In Dostoyevsky’s Crime and Punishment, the protagonist Raskolnikov murders two women and then suffers immense mental anguish as the police trace the crimes to him. (Spoiler alert!) He is justly convicted. But instead of being sentenced to death (as he had expected), he is sentenced to seven years in Siberia.
At the end of the novel, he is serving his time in Siberia, and is joined by his beloved Sonia.
Under his pillow lay the New Testament. He picked it up mechanically; it belonged to (Sonia), the one from which she had read him the resurrection of Lazarus. At the beginning of his exile he had suspected she would bother him with religion, keep talking to him about the Gospels, and shove books at him. To his great surprise she did not mention such a thing once and never even offered him the Gospels. He had asked her for the New Testament himself, not long before his illness, and silently she had brought it to him. Since then he had not even opened it.

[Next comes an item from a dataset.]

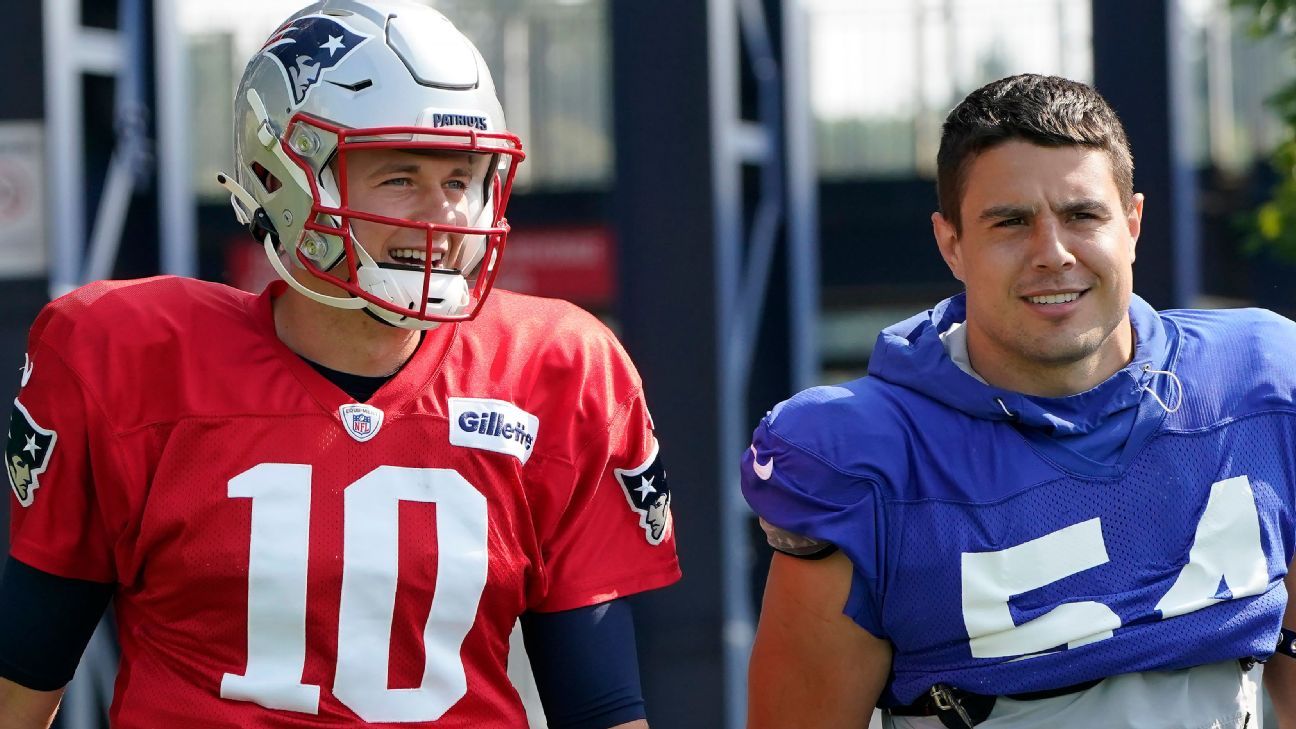 New England Patriots rookie QB Mac Jones aces important test in joint  practice vs. Giants, NFL News, Rankings and Statistics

Nor did he open it now, but he thought: “Can her beliefs not be mine, too? Her feelings and aspirations, at least . . .”
–Dostoyevsky, Crime and Punishment, trans. by Sidney Monas
I’ve always loved the sense of hope in this ending: the murderer who deserved to die is given a chance for a new life and a new beginning. There’s a sense of wonder on his part: could Sonia’s Christian beliefs be his, too? Is redemption possible even for the likes of him . . . and us?